## Your instructions
Every line between the one containing "Pratonton Video" and the last line of the data, both included, is to be set down exactly, and pictures are to be omitted.

[Records from a collection]

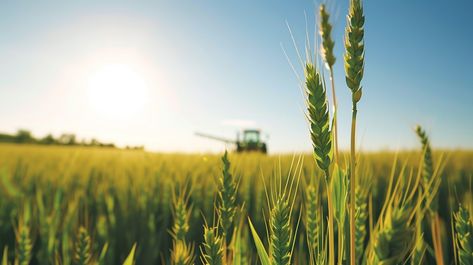 Harvesting Golden Wheat: Close-up view of ripe golden wheat with a combine harvester working in the background. #wheat #field #harvest #agriculture #farming #golden #crops #grain #aiart #aiphoto #stockcake https://ayr.app/l/cfb5 Farming Background, Combine Harvester, Golden Wheat, Agriculture Farming, Wheat Field, Wheat Fields, Clear Blue Sky, 16 9, Agriculture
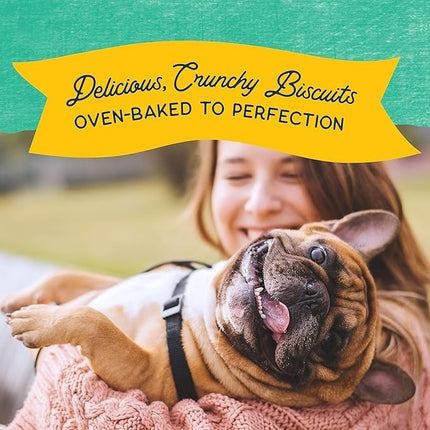 Natural Balance Limited Ingredient Rewards Crunchy Biscuits, Grain-Free Dog Treats for Adult Dogs of All Breeds, Chicken Recipe, 14 Ounce (Pack of 1)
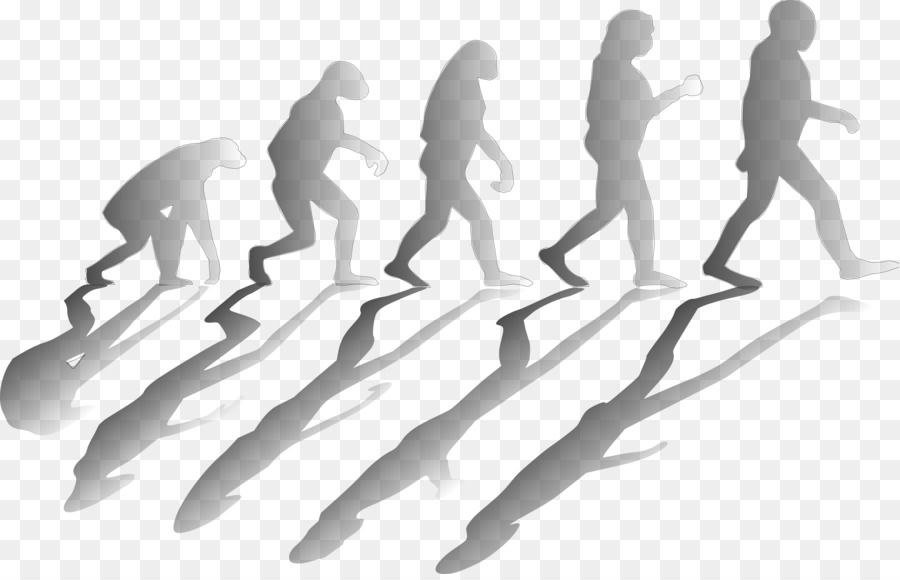 Evolução，Evolução Humana PNG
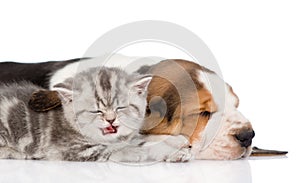 Kitten and puppy sleeping together. isolated on white background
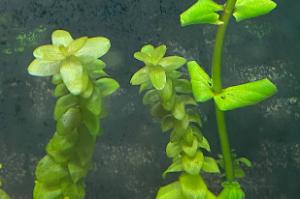 Bacopa Amplexicaulis Thumbnail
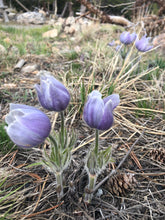THE SPRING COURSE BUNDLE: Edible & Medicinal Flowers of Spring Course & The Dessert Course & 2 Recipe Ebooks!
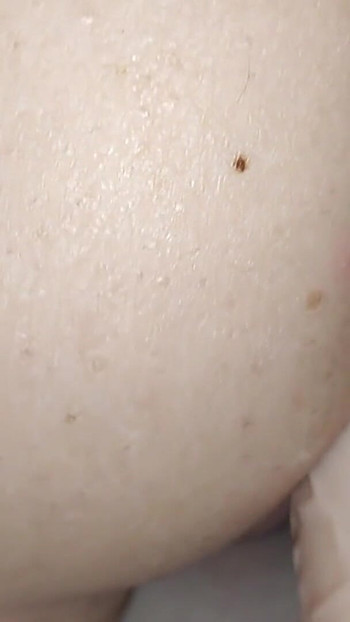 Pratonton Video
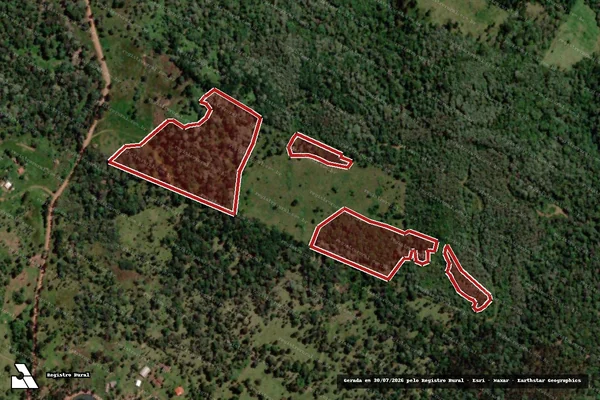 Imagem de satélite de Infração da Flora em Coronel Domingos Soares - PR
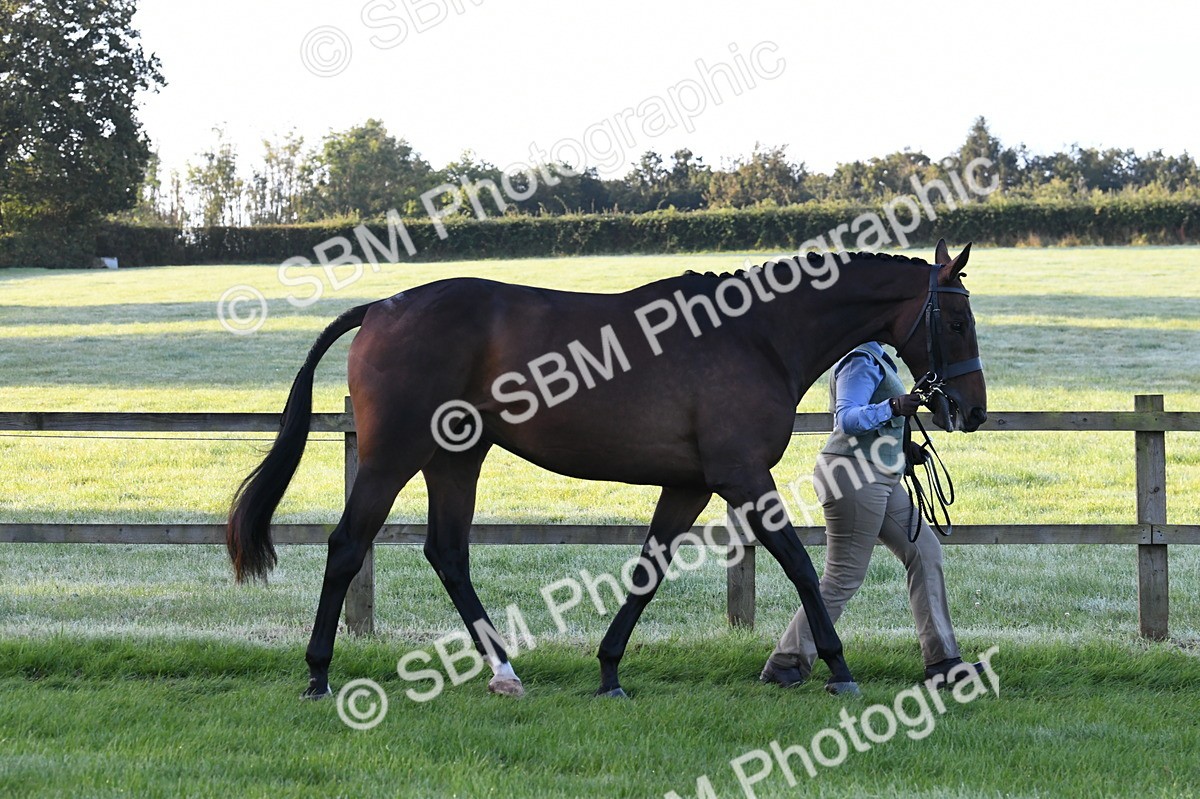SBM_32617 - S15 - Condition & Turnout In Hand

## Task answer
 Pratonton Video
 Imagem de satélite de Infração da Flora em Coronel Domingos Soares - PR
SBM_32617 - S15 - Condition & Turnout In Hand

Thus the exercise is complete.